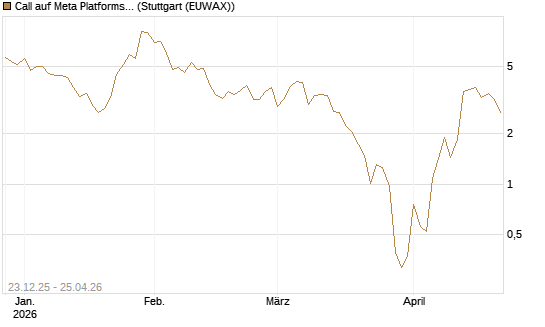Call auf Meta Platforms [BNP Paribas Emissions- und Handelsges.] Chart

==

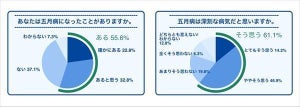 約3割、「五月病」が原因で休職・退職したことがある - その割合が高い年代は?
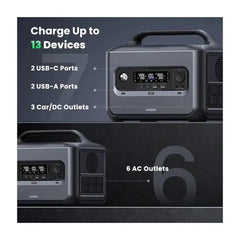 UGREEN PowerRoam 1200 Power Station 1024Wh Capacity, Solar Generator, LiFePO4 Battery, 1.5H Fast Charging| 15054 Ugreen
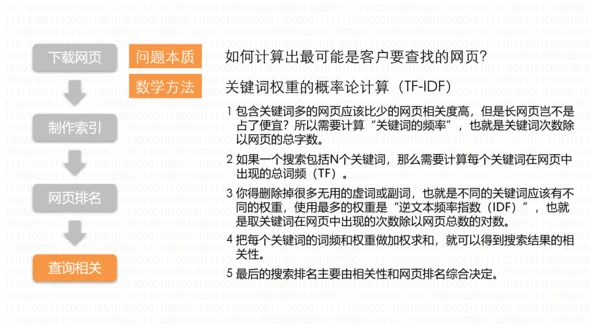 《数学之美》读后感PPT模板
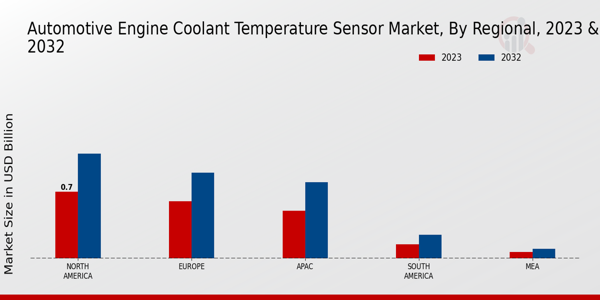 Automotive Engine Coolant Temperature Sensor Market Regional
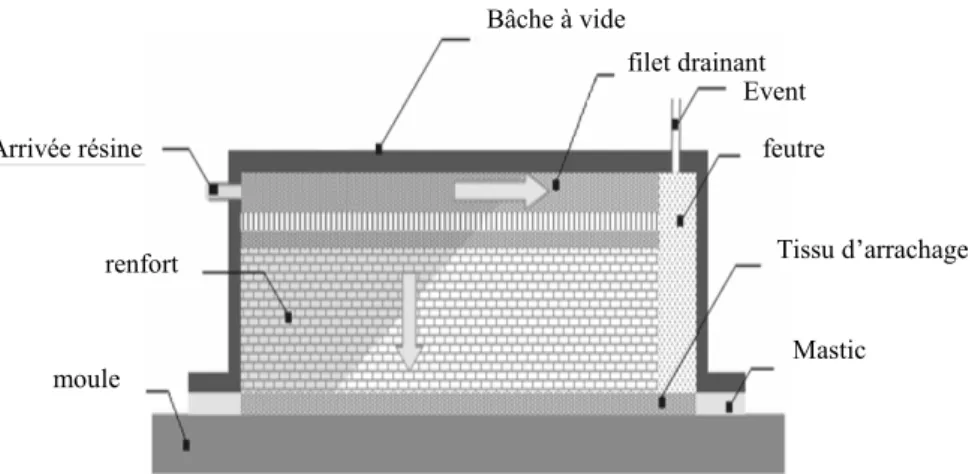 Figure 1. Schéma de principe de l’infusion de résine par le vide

- **Work task**
Give back exactly, and solely, the section of the data above bounded by the line containing "UGREEN PowerRoam 1200" and the line containing "Figure 1. Schéma", both bounding lines included and pictures omitted.

- **Exercise output**
 UGREEN PowerRoam 1200 Power Station 1024Wh Capacity, Solar Generator, LiFePO4 Battery, 1.5H Fast Charging| 15054 Ugreen
 《数学之美》读后感PPT模板
 Automotive Engine Coolant Temperature Sensor Market Regional
 Figure 1. Schéma de principe de l’infusion de résine par le vide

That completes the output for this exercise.